People invest in Oikocredit because they want to fight poverty with part of their savings. Oikocredit invests their money in the productive enterprises of poor and disadvantaged people who want to work their way out of poverty. Investors are individuals, organisations, local churches as well as national church related groups.
Oikocredit works with 623 project partners around the world, such as locally based microfinance institutions (MFIs). Oikocredit provides the MFIs with credit, so that small loans can be made to micro entrepreneurs, subsistence farmers and the self-employed (the local equivalent of £5 to £300).
Unlike traditional financial service providers, lack of collateral such as land or property does not exclude the recipient from receiving a loan. In fact, Oikocredit’s experience shows that the commitment of people themselves is often a more powerful guarantee of success than the ability to put forward collateral.
Investors in Oikocredit choose this simple social investment and accept a lower rate of return (typically 2% each year) than they could find with their bank. Many investors choose to waive their dividend altogether. By accepting less financial return they are enabling others to make use of part of their individual savings, or part of the reserves of an organisation.
A typical Oikocredit loan recipient could be a smallholder who works his land and sells his produce within the local community, or a mother running a clothing business from her home, who needs money to purchase a sewing machine, the organisation explains.
"And it’s not just about money, Oikocredit is fundamentally about people", says Patrick Hynes, the UK representative.
He adds: "Through a network of locally employed staff, Oikocredit can reach the projects that others would not consider.
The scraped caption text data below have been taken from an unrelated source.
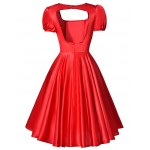 BP 2016 Black red Audrey Hepburn Dress Women Satin Puff Sleeve Summer Casual Vestido Vintage 50s Swing Pinup Rockabilly Dresses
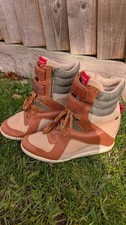 Reebok Freestyle Hi Top Wedge Heel Alicia Keys Trainers UK 6 EUR 39 Brown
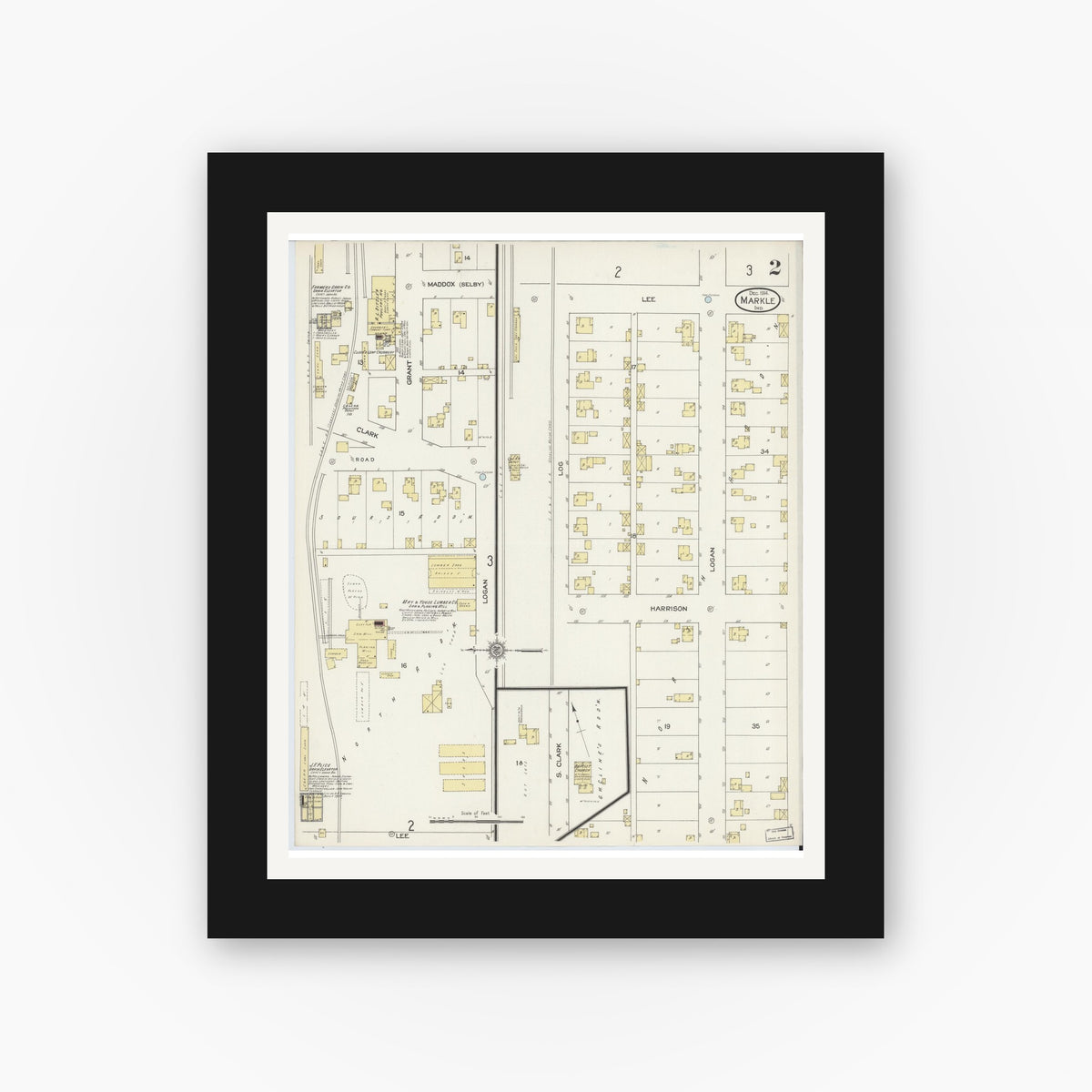 Old map wall art mockup — black gallery frame with white mat — Sanborn Fire Insurance Map from Markle, Huntington County, Indiana (1914), Sheet #0002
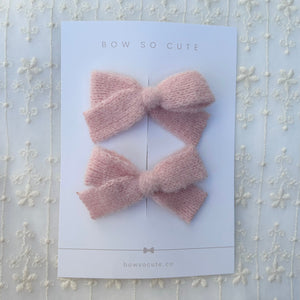 Pigtail Bows | Blush Fluffy Knit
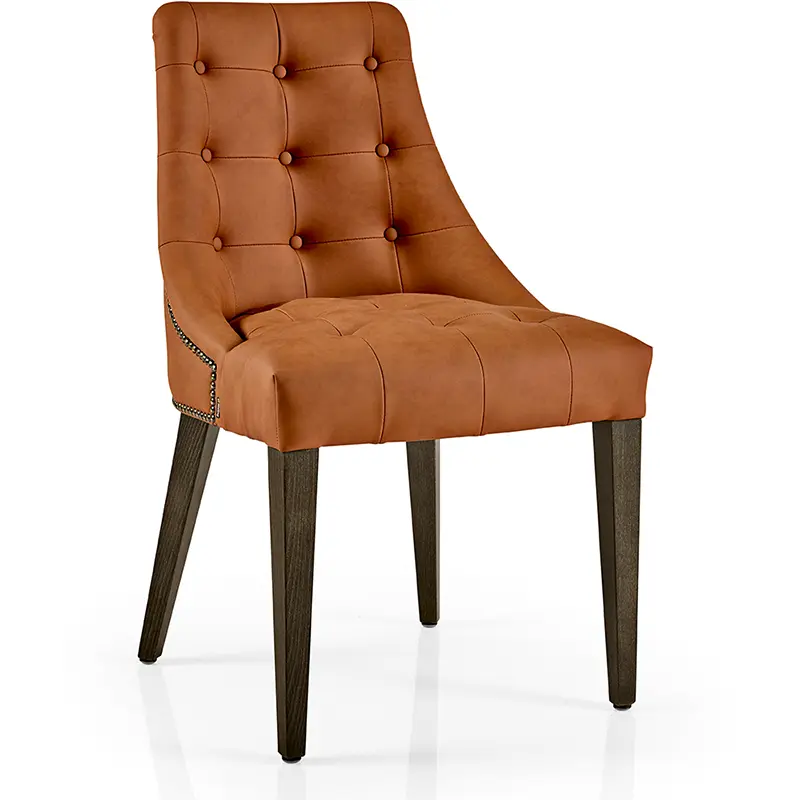 HANNA Stuhl TX04 – Leder-Metall-Stuhl in Orange für modernes Hotelrestaurant & Bar - Hantermann - Der Hotelausstatter HANNA Stuhl TX04, orangener Leder-Metall-Stuhl für modernes Hotelrestaurant und Bar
Typically, these are projects in rural areas where the social benefits of a loan are high, but so are the financial risks. The aim is always to help the recipients better their circumstances, improve their quality of life and take more control of their future."
"In this small way, Oikocredit enables people to live in solidarity with people who are poor and disadvantaged: through using part of their savings for the common good, rather than merely maximising the financial return on all their savings."
The word 'oikos' is a classical and biblical one in Greek meaning 'household', and is related to 'economia' (managing the household economy) and oikumene (ecumenical - the 'whole inhabited earth'). The word credit is also linked to 'credere'in Latin; to believe.